Il motivo è infondato. Il giudice regionale ha ritenuto di aderire all’orientamento secondo cui, in tema di prova del possesso di provvista che giustifichi le spese, altrimenti indice presuntivo di maggior reddito, «è sufficiente a vincere la presunzione legale relativa [….], la dimostrazione circa l’esistenza e l’entità dei redditi diversi esenti o già sottoposti a tassazione separata […] senza necessità di comprovare il loro specifico reimpiego». A tal fine ha evidenziato che i disinvestimenti, eseguiti per l’importo di € 238.000,00 tra il 2005 ed il 2009 e dunque cronologicamente di poco anteriori o contestuali agli acquisti utilizzati dall’Agenzia delle entrate ai fini della determinazione sintetica del reddito «appare comprovare adeguatamente il possesso di redditi atto a giustificare gli incrementi patrimoniali de quibus».
Questa Corte ha affermato che nell’accertamento sintetico del reddito, quando il contribuente deduca che la spesa sia frutto di liberalità o di altra provenienza, deve fornire adeguata prova documentale non solo della disponibilità all’interno del nucleo familiare di tali redditi, ma anche della loro entità e della durata del possesso, ancorché non sia tenuto a dimostrare la specifica destinazione alle spese contestate (Cass., 28/03/2018, n. 7757; 13/11/2018, n. 29067; 4/08/2020, n. 16637).
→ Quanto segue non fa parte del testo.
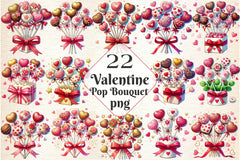 Valentine Cake Pop Bouquet Clipart Bundle - CraftNest - Digital Crafting and Art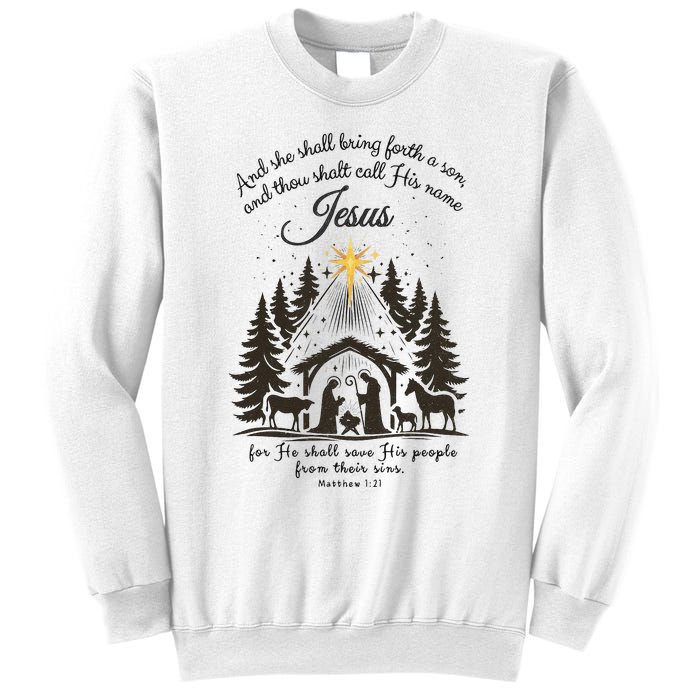 Jesus Christmas She Shall Bring Forth A Son Nativity Scene Sweatshirt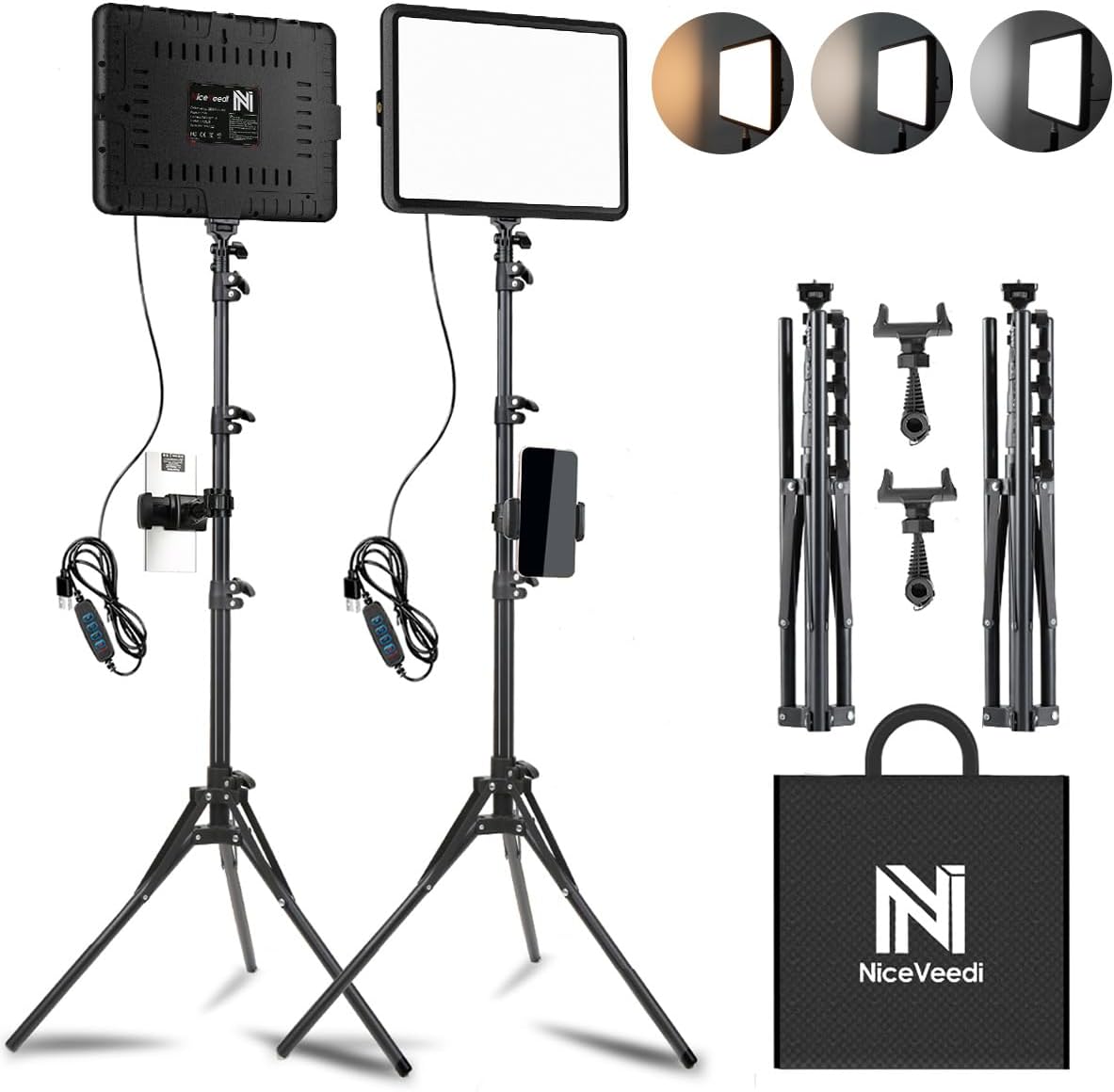 2-Pack LED Video Light Kit, NiceVeedi Studio Light, 2800-6500K Dimmable Photography Lighting Kit with Tripod Stand&Phone Holder, 73" Stream Light for Video Recording, Game Streaming, YouTube…-0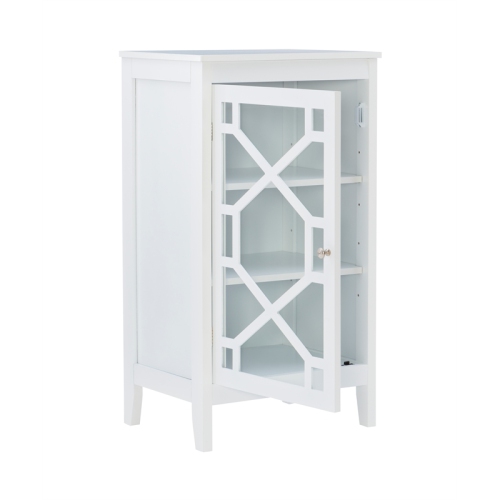 Linon Betty Small Wood and Glass Cabinet in White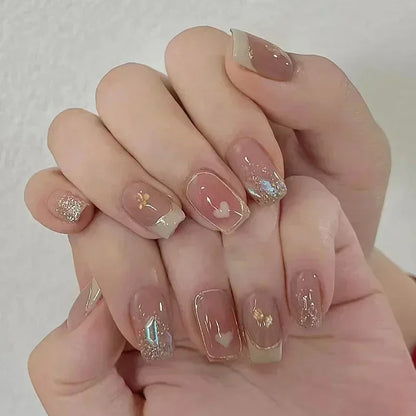 24Pcs Short Ballerina False Nail Tips with Pearl Detachable French Fake Nails Pink Cute Full Cover Press on Nails Manicure Tools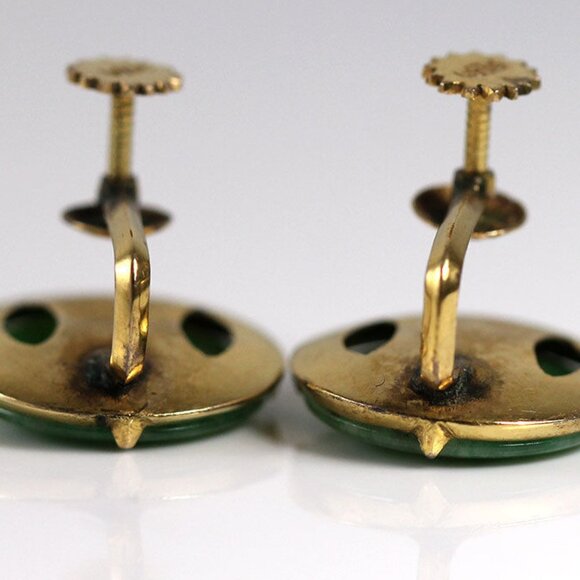 VINTAGE JADE GREEN 16MM 14K YELLOW GOLD DISC SCREW-ON EARRINGS - Picture 7 of 12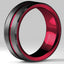 FDLK   8mm Black Carbide Stainless Steel Thin Red Line Wedding Band Ring Men's Jewelry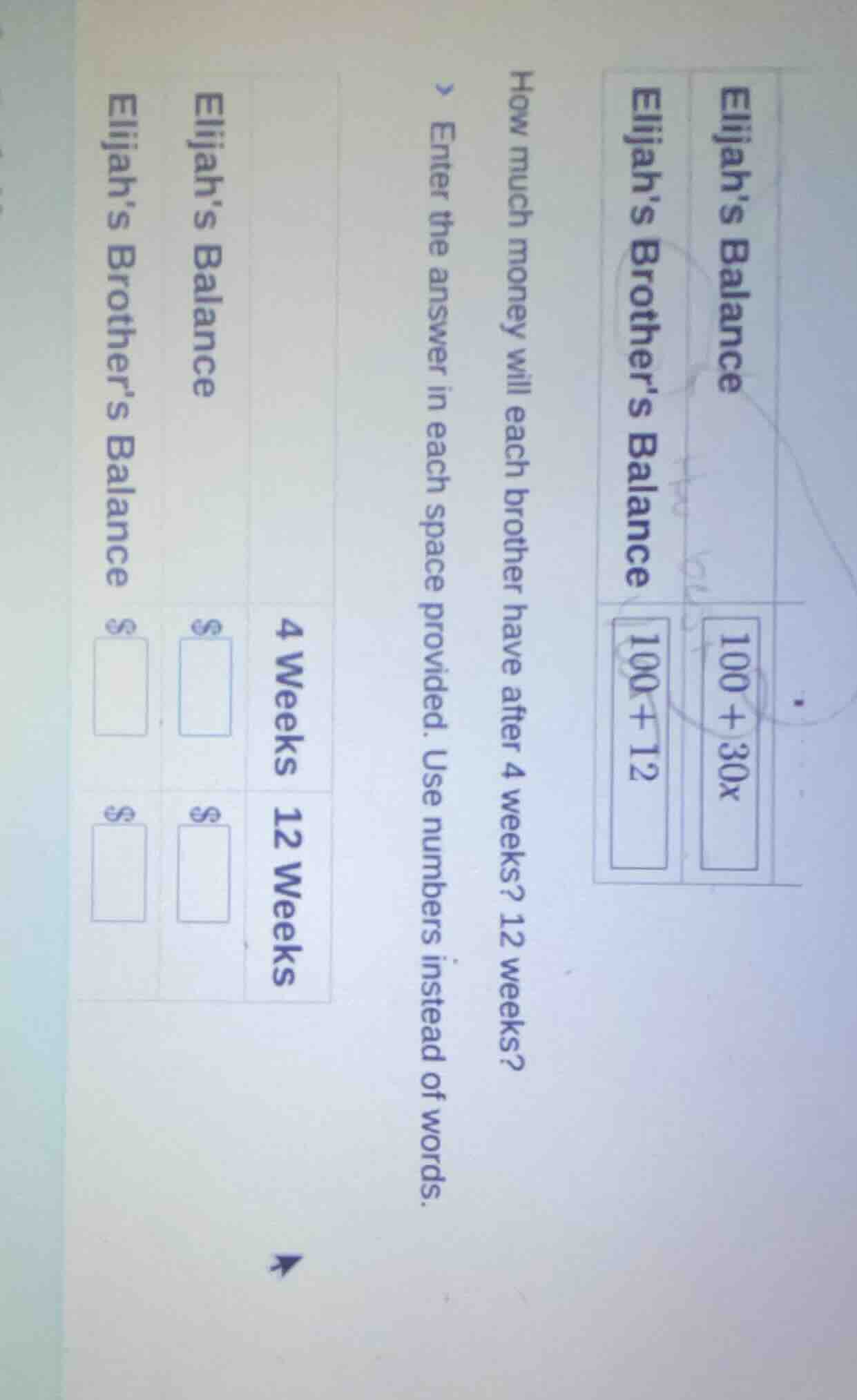 elijah’s balance elijah’s brother’s balance 100 + 30x 100 + 12 how much…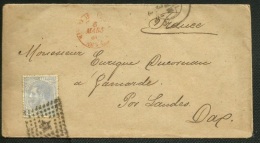 SPAIN - ESPAGNE 1880 Carta - Alfonso 25c A Francia Con Fechador Trebol Estafeta De Cambio - Lettres & Documents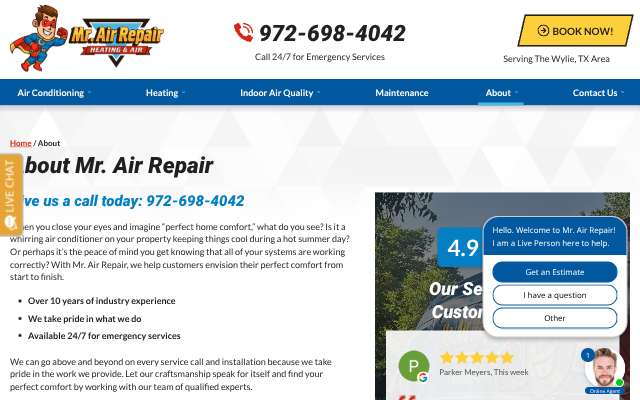 Mr. Air Repair's page as the assistant saw it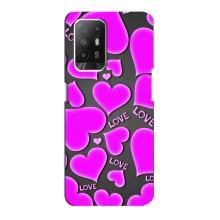 Чехлы для любимой на Оппо Ф19 Про Плюс (VPrint) (Pink hearts)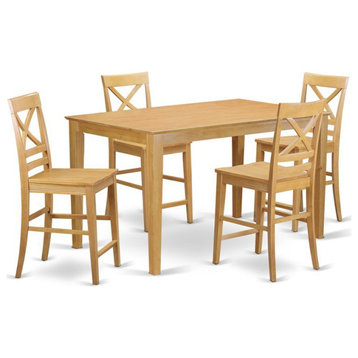East West Furniture Capri 5-piece Wood Dining Set with Bar Stools in Oak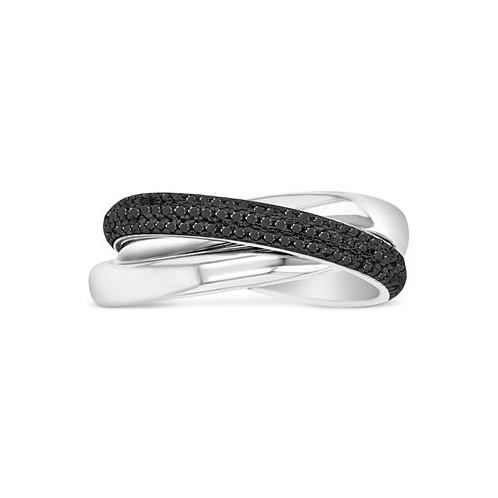Macys Black Spinel & Polished Band Crossover Statement Ring (1-1/4 ct. t.w.) in Sterling Silver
Si tratta di un orientamento ormai consolidato della giurisprudenza di legittimità, cui questo Collegio intende dare continuità. Nel caso di specie il giudice d’appello ha deciso tenendo conto del principio di diritto dispensato da questa Corte.
Del tutto infondata si rivela pertanto la censura dell’Agenzia delle entrate, secondo cui il contribuente era tenuto a dimostrare il collegamento specifico tra disponibilità finanziaria pregressa e spesa per incrementi patrimoniali.
Il ricorso incidentale va dunque rigettato.
La reciproca soccombenza impone la compensazione delle spese processuali.
P.Q.M.
Dichiara inammissibile il ricorso principale; rigetta quello incidentale. Compensa le spese di causa. Con riguardo al rigetto del ricorso principale del contribuente, ai sensi dell’art. 13, comma 1 quater, d.P.R. 30 maggio 2002, n. 115 dà atto della sussistenza dei presupposti processuali per il versamento da parte del ricorrente dell’ulteriore importo a titolo di contributo unificato, nella misura pari a quello previsto per il ricorso, a norma del comma 1-bis del medesimo articolo 13, se dovuto. Con riferimento al rigetto del ricorso incidentale dell’Agenzia delle entrate, risultando soccombente una parte ammessa alla prenotazione a debito del contributo unificato per essere amministrazione pubblica difesa dall’Avvocatura Generale dello Stato, non si applica l’art. 13 comma 1- quater, d.P.R. 30 maggio 2002, n. 115.